In the criminal justice system some of the fundamentals of the system are the presumption of innocence, the use of juries in trial in the Crown Court, the prosecution having to prove the defendant guilty beyond reasonable doubt, the right of a defendant to remain silent during questioning and trial, and the direction of the judge in order to ensure the rules of evidence are followed. Yet there are various famous cases where miscarriages of justice have occurred, such as the numbers cases, R v Ward, Stephen Kiszko where, in all of these cases, the police fabricated evidence and false confessions were obtained as a result of duress. It has been suggested that PACE has fought those miscarriages, yet the Prevention of Terrorism Act excludes many of the safeguards for suspects held under the Act.
Michael Mansfield QC suggests that out accusatorial system should be replaced up to the point of trial with an inquisitorial system to ensure the investigation by the police was properly conducted and supervised by a Judge, as in France. Above all, the fundamental principle of the presumption of innocence and the right to silence should operate to ensure a fair trial. Failings will always occur, but an independent review body should rectify these.
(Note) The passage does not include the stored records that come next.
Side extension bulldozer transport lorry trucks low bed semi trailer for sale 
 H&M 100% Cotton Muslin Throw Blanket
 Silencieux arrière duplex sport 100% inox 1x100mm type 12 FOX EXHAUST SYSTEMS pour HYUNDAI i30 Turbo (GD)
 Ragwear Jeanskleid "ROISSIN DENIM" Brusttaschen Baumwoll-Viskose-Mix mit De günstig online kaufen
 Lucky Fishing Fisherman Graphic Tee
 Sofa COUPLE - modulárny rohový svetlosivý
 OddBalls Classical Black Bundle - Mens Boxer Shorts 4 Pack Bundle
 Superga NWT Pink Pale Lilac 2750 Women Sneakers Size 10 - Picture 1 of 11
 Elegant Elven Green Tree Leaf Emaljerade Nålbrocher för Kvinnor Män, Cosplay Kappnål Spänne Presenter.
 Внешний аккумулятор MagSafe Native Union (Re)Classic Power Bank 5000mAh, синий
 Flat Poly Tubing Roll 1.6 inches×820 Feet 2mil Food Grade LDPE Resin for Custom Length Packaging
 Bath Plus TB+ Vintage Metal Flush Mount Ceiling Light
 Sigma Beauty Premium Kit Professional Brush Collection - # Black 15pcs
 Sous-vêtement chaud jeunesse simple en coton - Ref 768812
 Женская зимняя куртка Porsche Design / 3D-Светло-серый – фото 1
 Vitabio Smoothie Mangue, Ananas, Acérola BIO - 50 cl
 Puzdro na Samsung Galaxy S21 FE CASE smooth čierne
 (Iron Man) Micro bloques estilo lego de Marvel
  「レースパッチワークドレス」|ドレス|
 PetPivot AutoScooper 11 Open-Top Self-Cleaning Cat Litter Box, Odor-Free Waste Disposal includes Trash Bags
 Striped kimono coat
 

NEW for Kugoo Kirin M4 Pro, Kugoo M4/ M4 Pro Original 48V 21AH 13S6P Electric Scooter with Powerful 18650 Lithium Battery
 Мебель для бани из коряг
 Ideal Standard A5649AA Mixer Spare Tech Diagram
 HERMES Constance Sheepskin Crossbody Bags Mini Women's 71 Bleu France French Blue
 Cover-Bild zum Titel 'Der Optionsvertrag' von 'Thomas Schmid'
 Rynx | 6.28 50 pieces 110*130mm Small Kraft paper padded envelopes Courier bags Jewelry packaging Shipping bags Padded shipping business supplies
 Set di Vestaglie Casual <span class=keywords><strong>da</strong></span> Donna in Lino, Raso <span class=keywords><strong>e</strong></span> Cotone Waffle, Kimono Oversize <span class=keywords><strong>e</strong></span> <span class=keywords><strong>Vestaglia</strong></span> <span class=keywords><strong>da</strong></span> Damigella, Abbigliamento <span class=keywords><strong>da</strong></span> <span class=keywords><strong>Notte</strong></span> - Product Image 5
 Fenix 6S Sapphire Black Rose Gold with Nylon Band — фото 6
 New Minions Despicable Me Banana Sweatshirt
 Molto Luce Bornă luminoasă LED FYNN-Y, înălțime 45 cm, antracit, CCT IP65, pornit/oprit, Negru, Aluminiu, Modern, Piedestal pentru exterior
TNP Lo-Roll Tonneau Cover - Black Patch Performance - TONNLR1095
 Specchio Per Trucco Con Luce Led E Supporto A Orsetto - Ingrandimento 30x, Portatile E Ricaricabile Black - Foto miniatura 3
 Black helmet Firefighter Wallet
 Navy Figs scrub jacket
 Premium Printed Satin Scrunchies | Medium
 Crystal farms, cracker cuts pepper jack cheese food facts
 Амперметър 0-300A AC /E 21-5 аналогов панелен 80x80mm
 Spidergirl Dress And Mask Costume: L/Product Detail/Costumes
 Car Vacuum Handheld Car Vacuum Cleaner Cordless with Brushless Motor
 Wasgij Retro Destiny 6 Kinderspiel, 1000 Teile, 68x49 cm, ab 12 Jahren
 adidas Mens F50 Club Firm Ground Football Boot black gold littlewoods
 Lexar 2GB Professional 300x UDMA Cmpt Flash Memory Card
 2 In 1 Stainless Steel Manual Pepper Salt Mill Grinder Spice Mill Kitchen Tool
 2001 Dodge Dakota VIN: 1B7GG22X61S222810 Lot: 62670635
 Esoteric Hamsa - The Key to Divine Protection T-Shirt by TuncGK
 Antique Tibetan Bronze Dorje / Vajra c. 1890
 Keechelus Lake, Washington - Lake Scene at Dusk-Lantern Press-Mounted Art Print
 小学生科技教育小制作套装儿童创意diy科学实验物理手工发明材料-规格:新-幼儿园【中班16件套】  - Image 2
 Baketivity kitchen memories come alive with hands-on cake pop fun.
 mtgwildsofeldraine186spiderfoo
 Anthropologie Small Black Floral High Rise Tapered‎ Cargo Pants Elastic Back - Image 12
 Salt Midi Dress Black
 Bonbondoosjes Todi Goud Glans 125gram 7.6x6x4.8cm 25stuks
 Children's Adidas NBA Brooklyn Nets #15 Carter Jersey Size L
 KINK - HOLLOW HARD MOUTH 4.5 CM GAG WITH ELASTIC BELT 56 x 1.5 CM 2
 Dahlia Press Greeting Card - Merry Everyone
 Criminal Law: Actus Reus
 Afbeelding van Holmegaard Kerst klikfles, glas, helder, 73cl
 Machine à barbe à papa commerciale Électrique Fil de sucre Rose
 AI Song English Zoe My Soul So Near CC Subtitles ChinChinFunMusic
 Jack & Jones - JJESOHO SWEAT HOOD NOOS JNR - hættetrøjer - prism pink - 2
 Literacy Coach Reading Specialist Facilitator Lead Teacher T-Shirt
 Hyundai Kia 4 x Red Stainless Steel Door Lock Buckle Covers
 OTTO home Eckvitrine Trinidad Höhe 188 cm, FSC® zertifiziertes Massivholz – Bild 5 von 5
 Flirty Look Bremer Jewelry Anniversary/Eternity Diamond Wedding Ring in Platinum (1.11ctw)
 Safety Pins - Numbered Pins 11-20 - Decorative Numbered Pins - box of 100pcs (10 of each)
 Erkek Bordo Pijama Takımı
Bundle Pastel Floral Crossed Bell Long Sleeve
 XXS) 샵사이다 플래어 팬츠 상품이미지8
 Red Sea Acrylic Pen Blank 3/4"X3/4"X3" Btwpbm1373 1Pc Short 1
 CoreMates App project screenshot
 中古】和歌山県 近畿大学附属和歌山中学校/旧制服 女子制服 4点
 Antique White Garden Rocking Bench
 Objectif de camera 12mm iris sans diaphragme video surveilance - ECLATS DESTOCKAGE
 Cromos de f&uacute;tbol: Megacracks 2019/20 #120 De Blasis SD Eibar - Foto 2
This independent review body is the Criminal Cases Review Commission. The CCRC is the independent public body set up to investigate possible miscarriages of justice in England, Wales and Northern Ireland. The Commission assesses whether convictions or sentences should be referred to a court of appeal. This body ensures that we maintain the aim of achieving justice by assessing any case brought to them to see whether a possible miscarriage of justice has occurred.
In conclusion, the relationship between law and justice is not a perfect one, but it is much better than those in other countries. The legal system in England does still contain flaws, such as miscarriages of justice or perverse verdicts (R v Owen) but there are systems in place in order to ensure that any miscarriage of justice that does happen is rectified as soon as is possible, and also there are systems in order to prevent them happening in the first place.